Brand names are often more valuable than the combined physical assets of a company, a key reason that companies fiercely police their brands. Words like “aspirin” and “elevator” were once brand names owned by successful entities.
“The initial cost of brand protection may seem daunting for many companies,” says J. Todd Timmerman, administrator, Intellectual Property Law Department, Shumaker, Loop & Kendrick LLP. “But it pales in comparison with the value that a brand may ultimately possess.”
Smart Business spoke with Timmerman about how to establish, police and protect a brand name, and why it’s money well spent.
What is a brand?
A brand, or trademark, is whatever in the marketplace distinguishes goods or services originating with one source from those originating with another. It can be a word, a design, a symbol or a combination of these elements, among other things. Using our Coca-Cola example, consumers are familiar not only with the product’s name, but also the design elements on its cans, slogans like ‘The Real Thing’ and others.
What steps should a company take prior to adopting or using a brand?
First, you must ensure that when you choose a brand, you’re not going to infringe on the rights of others. To determine this, you should conduct a thorough search of all available records in the United States. The search should include the federal trademark register, all 50 state trademark registers, as well as common-law databases. Many law firms have access to online searching tools and also regularly call on searching companies that specialize in these kinds of searches. Both sources can generate reports very quickly and efficiently.
Second, adopting a protection and registration strategy concurrent with the use of a new mark is extremely important. All trademark rights in the United States arise as the result of use. These rights can be expanded or enhanced by federal or state registration, but those registrations are also tied back to use. A company should take steps to preemptively protect the mark by seeking a federal registration of the mark, or one or more state registrations in areas where they might conduct business not to mention international registrations.
How can federal registration protect a brand’s future value?
Common-law rights are based on the use of a mark and extend geographically as far as the trademark has a reputation.
For example, let’s look at two companies named ABC Corp. one initially based in Florida and another in Washington state. Over time, if both companies’ rights expand, they could find that one has rights in certain areas of the country, while the other has rights in the other parts, and neither has the right to invade the territory of the other. This is why a federal trademark registration is so important. It takes what could be a local or regional right, and expands it to what essentially amounts to a prior nationwide right, even absent nationwide use.
What could result from an incomplete search or a failure to register?
If you are forced to change your brand after the public has come to know you or your product by a certain name, a number of substantial expenses come into play. A name change usually involves new signage, collateral materials and most likely a public relations campaign to let the public know you are assuming a new brand.
You could also be liable for monetary damages from an infringement suit, as well as disgorged profits that you’ve earned with the brand. At the very least, you could be forced to pay off the original user of the brand name.
How can a company protect established rights in a brand?

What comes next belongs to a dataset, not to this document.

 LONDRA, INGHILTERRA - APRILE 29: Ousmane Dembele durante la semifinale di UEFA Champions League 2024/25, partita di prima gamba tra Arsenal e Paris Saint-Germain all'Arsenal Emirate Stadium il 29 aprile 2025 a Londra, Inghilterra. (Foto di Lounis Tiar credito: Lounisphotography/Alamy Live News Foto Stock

It is extremely important that companies continually police their brands. A grass-roots policing program can be used where the sales force keeps its eyes open for potential infringers or misuse of the brand. There are also services that monitor the Internet and the marketplace for brand abuse.
Once infringements are identified, they must be addressed. If you allow infringement to continue, you may ultimately be stripped of your trademark rights. This can be an expensive and painful process. You are generally much better off dealing with infringements promptly, rather than letting them linger and putting your company in a position where it has to explain its delay.